The University of Pittsburgh study, which was supported by the US National Institute of Mental Health, looked at 27 randomised, placebo-controlled clinical trials of second-generation antidepressants (i.e., selective serotonin reuptake inhibitors plus nefazodone, venlafaxine and mirtazapine) in children and adolescents under 19 years of age with MDD (15 trials), OCD (six) and non-OCD anxiety disorders (six).
In terms of efficacy, pooled absolute rates of response were 61% for participants with MMD on antidepressants, compared with 50% on placebo. This gave a pooled risk difference of 11% and a number needed to treat (NNT) – meaning the number of patients who would need to be treated to prevent an adverse outcome in one patient – of 10. By contrast, the pooled absolute rate of suicidal ideation/suicide attempts in MMD was 3% on antidepressants and 2% on placebo. This generated a pooled risk difference of 1% and a number needed to harm (NNH) – i.e., the number of patients who would need to be treated for one to come to harm – of 112.
For OCD, the pooled rates of response were 52% on antidepressants and 32% on placebo, giving a pooled risk difference of 20% and an NNT of six. Pooled rates of suicidal ideation/suicide attempts were 1% on antidepressants and 0.3% on placebo, making a pooled risk difference of 0.5% and an NNH of 200. In the treatment of non-OCD anxiety disorders, pooled rates of response were 69% on antidepressants and 39% on placebo, giving a pooled risk difference of 37% and an NNT of three. Pooled rates of suicidal ideation/suicide attempt were 1% on antidepressants and 0.2% on placebo, producing a pooled risk difference of 0.7% and an NNH of 143.

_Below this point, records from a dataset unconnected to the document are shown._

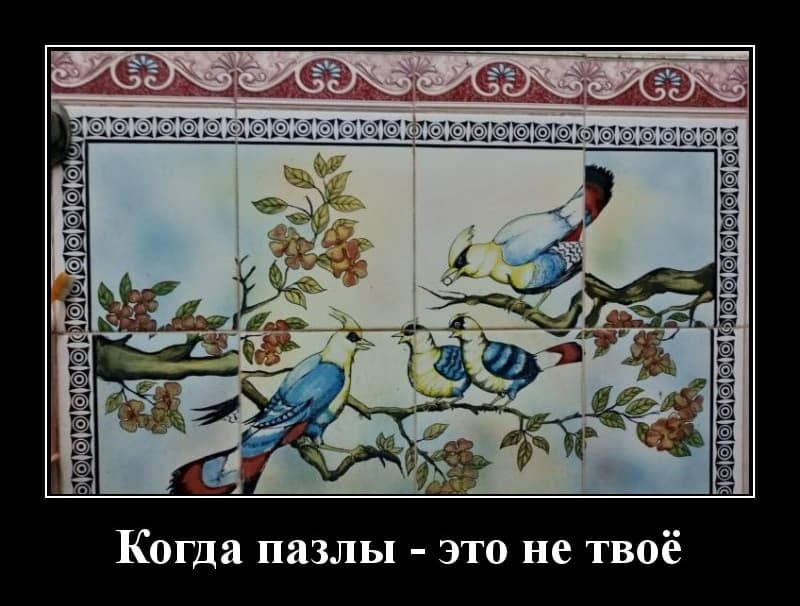 Новые демотиваторы и когда пазлы это не твое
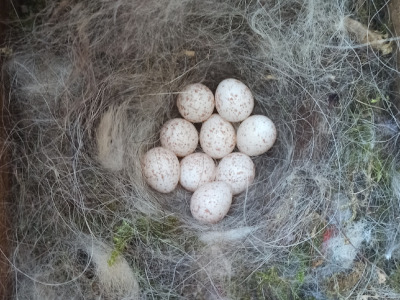 Oeufs de Mésange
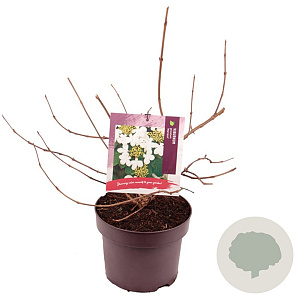 Viburnum plic. 'Mariesii' 30-40 cm 5,0L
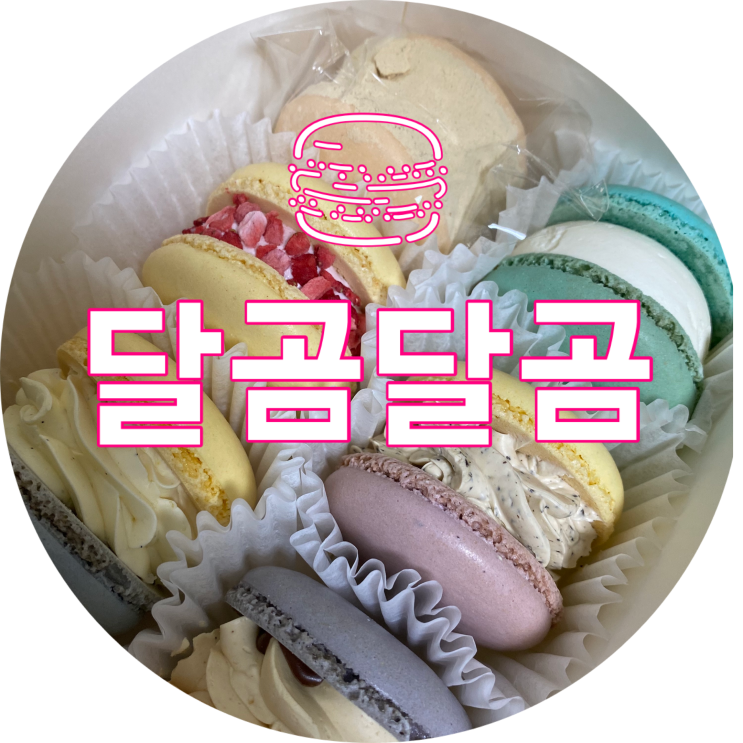  범어동 마카롱 : 달곰달곰/대구 수성구 뚱카롱 맛집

While these figures pushed the overall risk-benefit equation for antidepressants in children and adolescents firmly into the positive, the more moderate increase in risk compared with the FDA’s estimates was strongly flavoured by the different statistical approach taken in the new study. Whereas the FDA mainly used fixed-effects models to combine data from the randomised trials (while applying random-effects models as part of a sensitivity analysis), Dr Brent et al relied on random-effects models, which “tended to yield smaller risk ratios and risk differences”, they noted.

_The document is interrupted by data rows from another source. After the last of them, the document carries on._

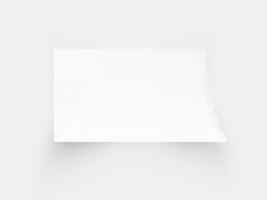 Torn paper edges. Ripped paper texture. Paper tag. White paper background with clipping path photo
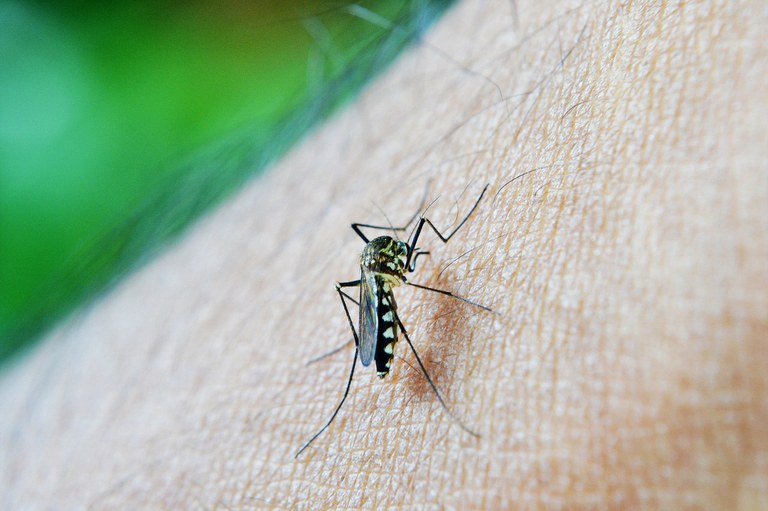 Mosquito dengue Foto Pixabay.jpg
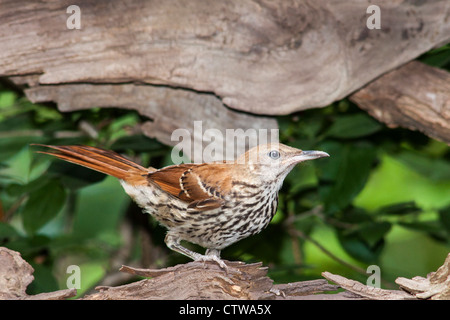 Brown Thrasher, Toxostoma rufum, nell'habitat naturale di cortile a McLeansville, Carolina del Nord. Foto Stock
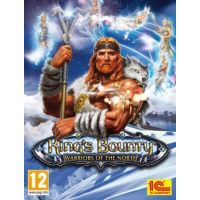 King's Bounty: Warriors of the North - Platforma Steam cd-key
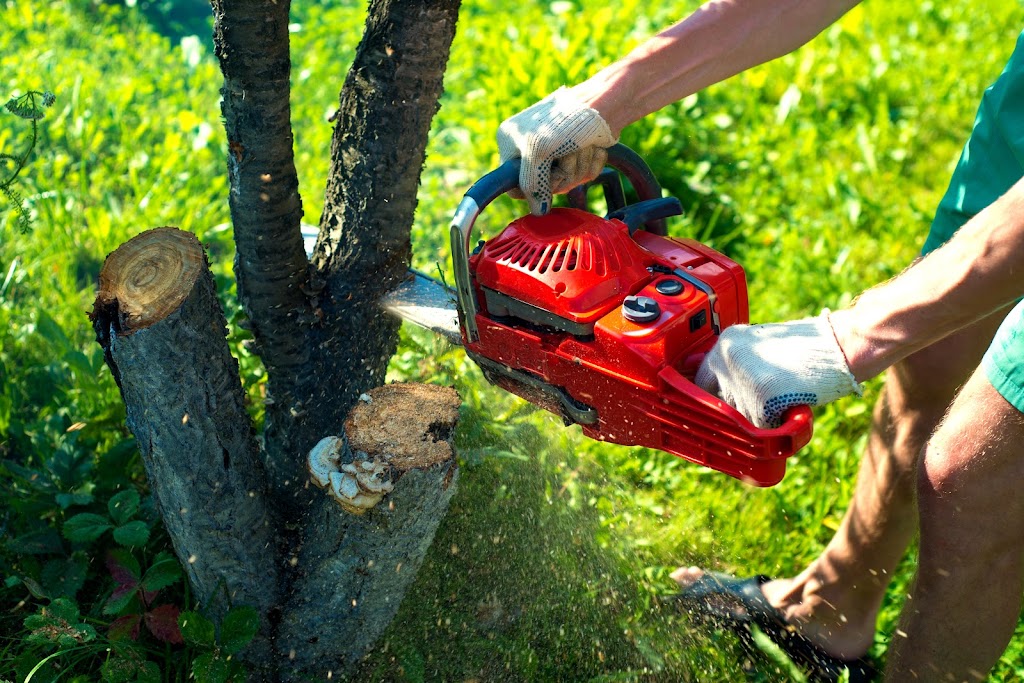 Cut Price Tree Service | Servicing Bankstown, Canterbury, Fairfield, Liverpool, Parramatta, Homebush Villawood, Guildford, Granville, Lidcombe, Merrylands, Auburn, Greystanes Cabramatta, Yagoona, Greenacre, Revesby, Strathfield, Milperra, 12 Badger Ave, Sefton NSW 2162, Australia | Phone: 0405 647 163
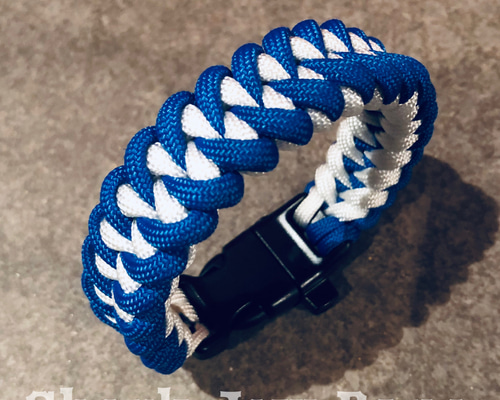 0_b923ada2e39320cf773fc13589c9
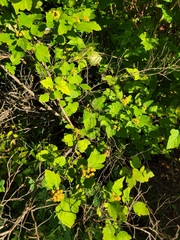 Physocarpus opulifolius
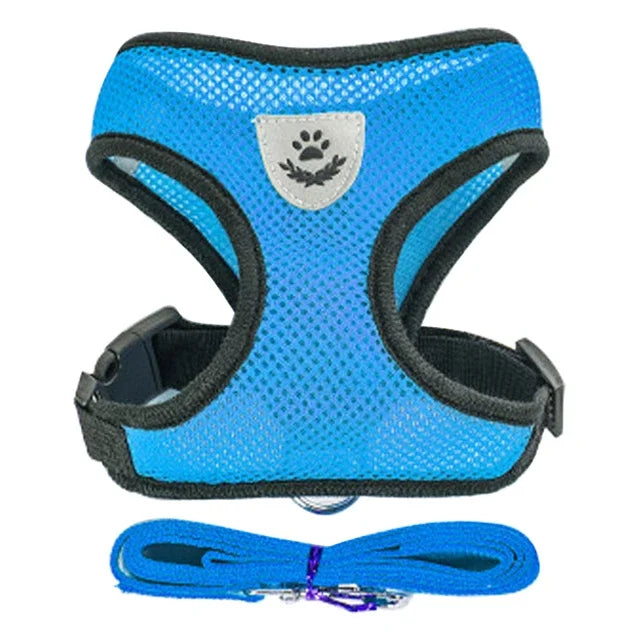 Harnais et laisse PawLux pour chat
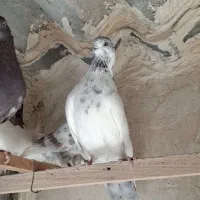 کفتر کل دم بور نر|پرنده|فردیس, داوری|دیوار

When the University of Pittsburgh team re-analysed the data using fixed-effects models, the results were far closer to the estimates in the FDA review. As an illustration, the pooled risk difference for suicidal ideation/suicide attempts across all of the antidepressant trials in the new meta-analysis was 0.7% on a random-effects basis but 1.3% when re-analysed with a fixed-effects model. The pooled risk difference in the FDA review was 1.5% using a fixed-effects model but 0.8% on a random effects basis.
Random effects approach more appropriate
“While either approach to meta-analysis is defensible,” Brent et al commented, “we believe that a random effects approach is more appropriate for pooling data because it does not assume that there is a common effect across all studies. In light of quantitative and qualitative evidence of heterogeneity among trials, this is a more conservative assumption and provides estimates of risk differences that are less vulnerable to heterogeneity.”
Although the University of Pittsburgh review still found an increased risk of suicidal tendencies in adolescents and children taking antidepressants, the pooled risk differences for each specific indication, “while in the direction of risk, were not statistically significant”, they concluded.
Some might argue, they added, that any risk of suicidal ideation/attempts “cannot possibly justify treatment” with antidepressants for these populations. “Instead, we believe that the strength of evidence presented here supports the cautious and well-monitored use of antidepressant medications as one of the first-line treatment options,” the authors said, “with the recognition that efficacy appears greatest for non-OCD anxiety disorders, intermediate for OCD and more modest for MDD.”